Re: The Politics of the Bootleg. COPYRIGHT IS NOT PROPERTY

From: Jim Carlile (email suppressed)
Date: Wed Jun 11 2008 - 03:09:41 PDT


 
It's only within the last dozen years or so that copyright infringement has
been criminalized. Before that it was always a civil matter.
 
'Infringement' (which is what happens when a copyright is violated) is not
theft. It is infringement. Theft is when you deprive someone of the use of
their property.
 
In the good old U. S. of A., copyright is seen as a property right, like
owning a house. But it doesn't really matter in the practical sense, because
here authors have no ultimate say in how their works are used. They don't have
'final cut' if they license their works to someone else.
 
And when works enter the PD, anyone can do anything they want with them.
They can cut them up or issue deluxe scholarly editions. That's just what
happens.
 
The paradox here is that corporations may-- with perpetual copyright
renewal-- succeed in always granting the copyright holder the rights to their
material, forever.
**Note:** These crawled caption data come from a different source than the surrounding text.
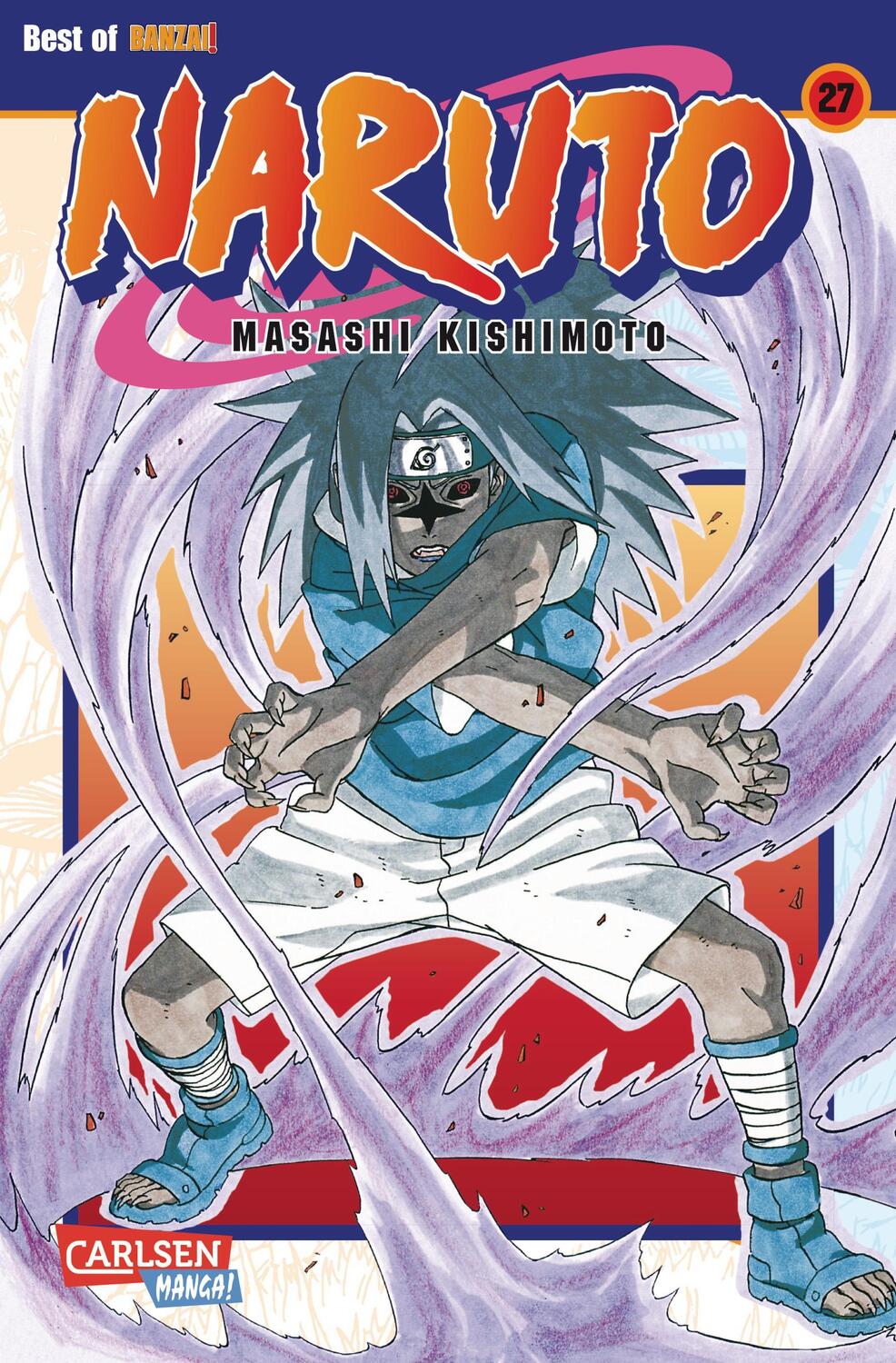 Cover: 9783551774279 | Naruto 27 | Masashi Kishimoto | Taschenbuch | Naruto | Deutsch | 2007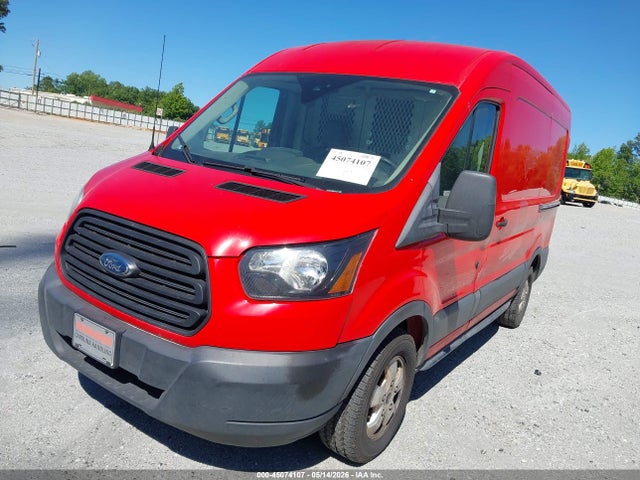 2019 Ford Transit-250 მანქანა იყიდება აუქციონზე, vin: 1FTYR1DG9KKA31194, აუქციონის ნომერი: 45074107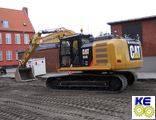 Стекла для экскаваторов CAT 323E, 329D, 330F, 349D2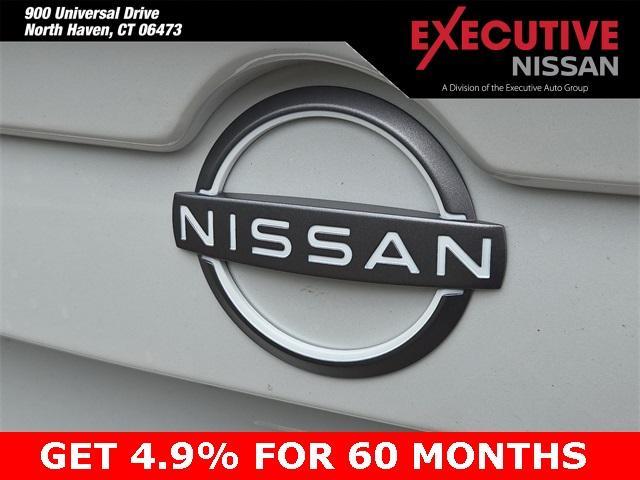 new 2024 Nissan Sentra car, priced at $23,550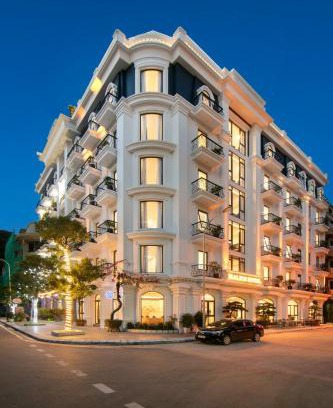 Hon Gai Apartamento | Halios Hotel Halong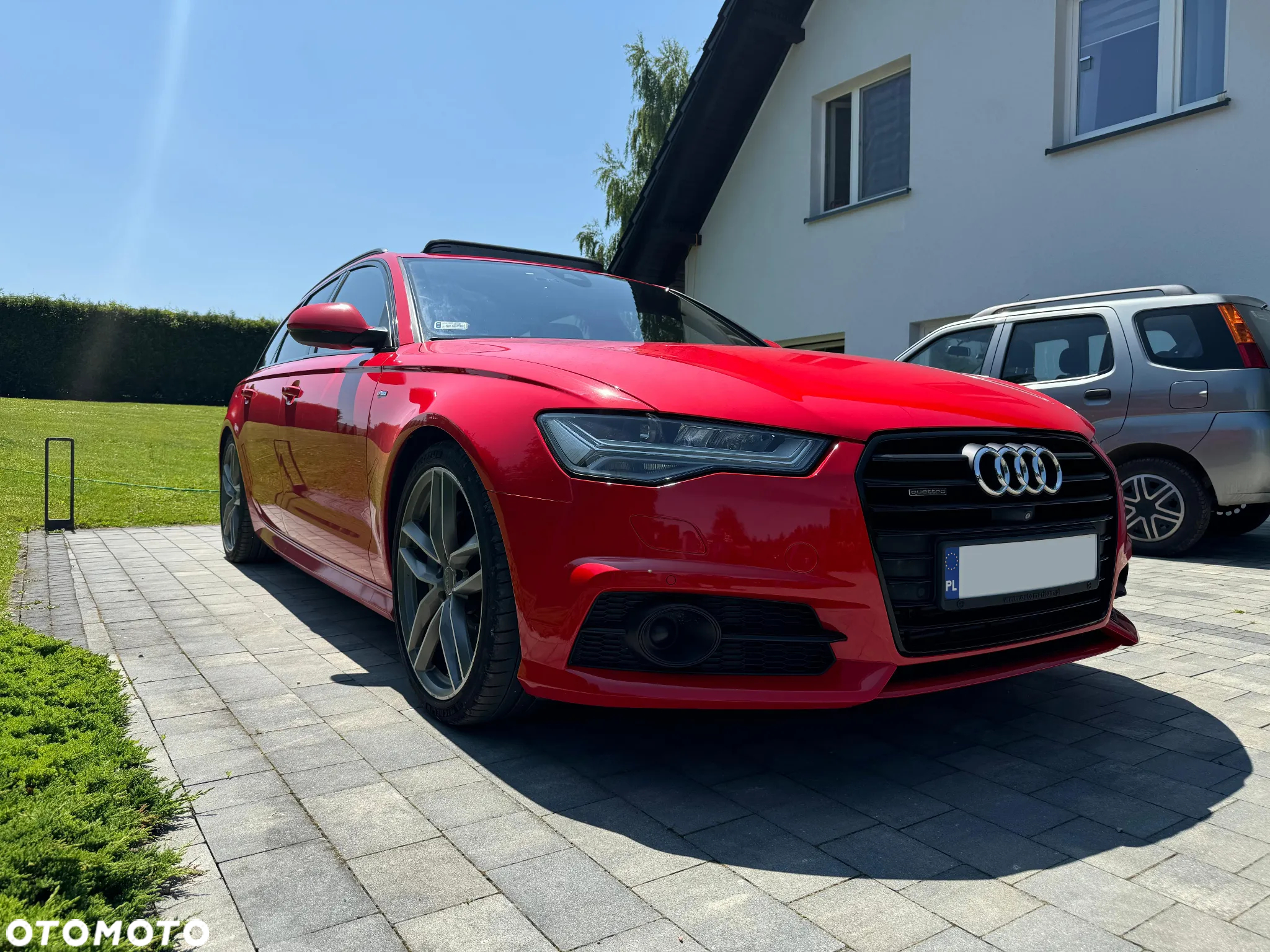 Audi A6 Avant 3.0 TDI quattro S tronic - 8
But they'll also make sure that THEY are the ones who will be
holding those rights!
 
 
In a message dated 6/11/2008 2:57:27 A.M. Pacific Daylight Time,
email suppressed writes:

Much of the recent threads on here are mired in
misconceptions of what copyright is and in ideas of
copyright as property.

Copyright is NOT property.

It is insulting to compare the ideas behined copyright
as being akin to stealing a can of coke or some
petrol. Copyrights are exactly what they sound like,
the rights to copy a work (in whole or in part!). When
you copy something illegally you aren't just stealing
off someone, you are infringing on their rights.

The idea of intelectual property is one very much tied
up in corpoations. Corporations want to OWN the ideas
and concepts and thus keep trying to shift copyright
further and further in that direction. They have
created the idea of copyright as property to this end.
They do not OWN the ideas, only the rights to
reproduce the ideas and they want to change that.